STV - the Quick Explanation
Unlike elections to the UK Parliament, but similar to Scottish Parliament elections, Local Elections in Scotland use a system of proportional representation (PR), as is the norm in democracies across the world. Just to confuse matters we don’t use the same form of PR as we do for Holyrood, and instead use a system called the Single Transferable Vote (STV).
How Do I Vote?
Easy! Just rank candidates in order of preference – 1, 2, 3, etc. You can preference as many or as few as you like. Depending on where you live, you might see some parties have multiple candidates. That’s because each ward elects multiple councillors, usually 3 or 4, but some wards are starting to have 2 or 5. Arran only has 1!
Because votes transfer, you don’t need to vote tactically. You can give your genuinely most preferred candidate your number 1 vote, even if they don’t have much chance of winning, as your vote can still help to elect someone else.
How Many Preferences Should I Use?
As many as you’re comfortable with. You cannot “harm” your first preference candidate by marking later preferences. It’s important to use as many preferences as you can, because it might make the difference between someone you like being elected over someone you don’t. Later preferences only matter if the candidate your vote is with is elected or eliminated.

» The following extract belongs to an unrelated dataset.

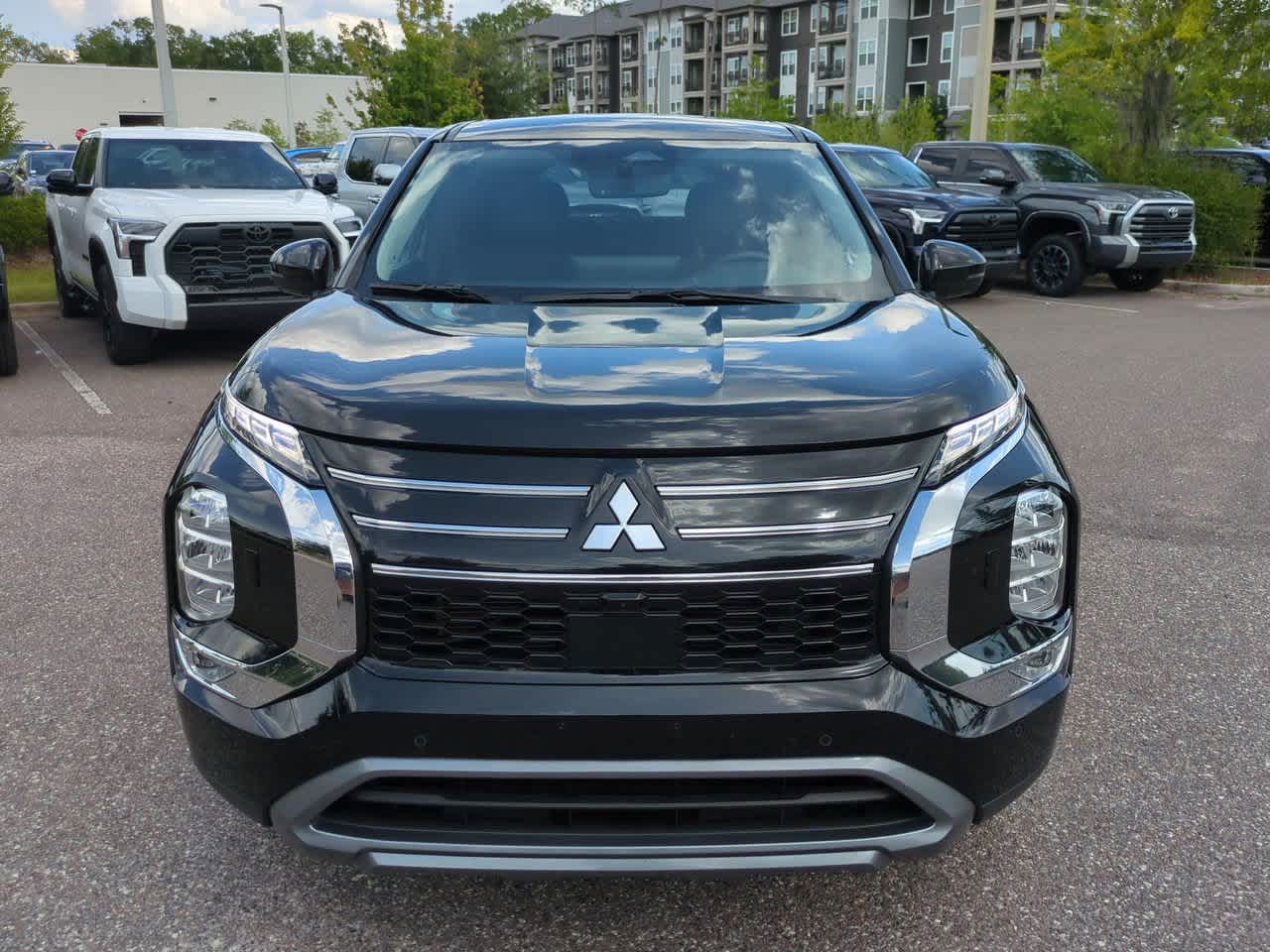 Thumbnail: 2025 Mitsubishi Outlander - 9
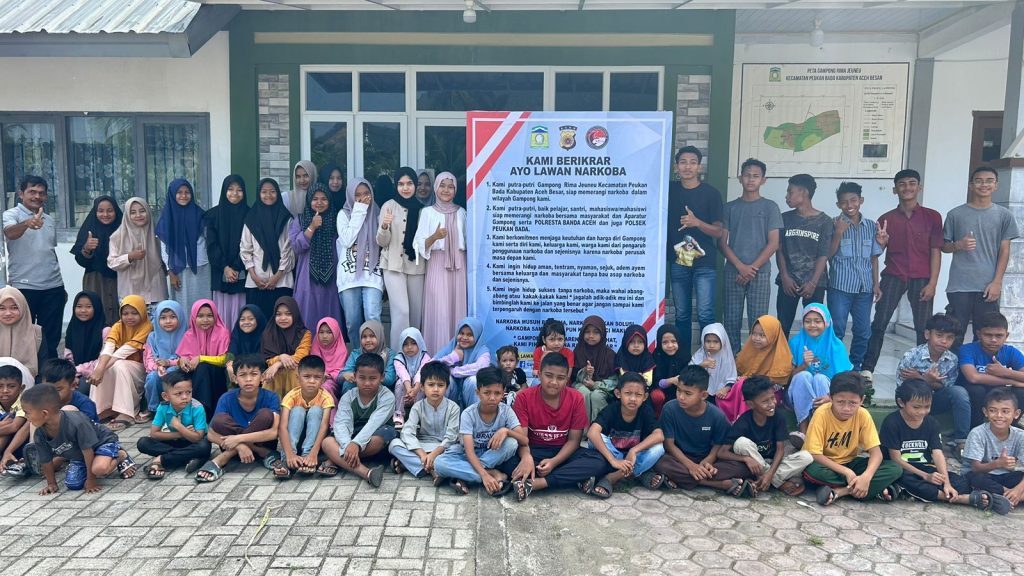 Mahasiswa dan Pelajar Kampung Bebas Narkoba Rima Jeuneu Ikrar Bersama “Ayo Lawan Narkoba”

Basically, keep giving preferences until you get to candidates you absolutely cannot stomach and can’t pick between. This approach is often referred to as “Vote til you Boke.” Even if you don’t like a candidate, if you’d prefer to see them elected ahead of someone else, give them one of your later preferences.
What Do Preferences Do?
Your later preferences might help to determine who is elected, by “transferring” to other candidates. This will only ever happen in one of two situations. The first one, and the one most people will be familiar with, is if the candidate your vote is currently with is eliminated from the count for having the fewest votes. At this point, your vote will move at its full value to the next preference candidate on your ballot who is still in the count. That means if your number 2 is eliminated before your number 1, your vote moves to your number 3.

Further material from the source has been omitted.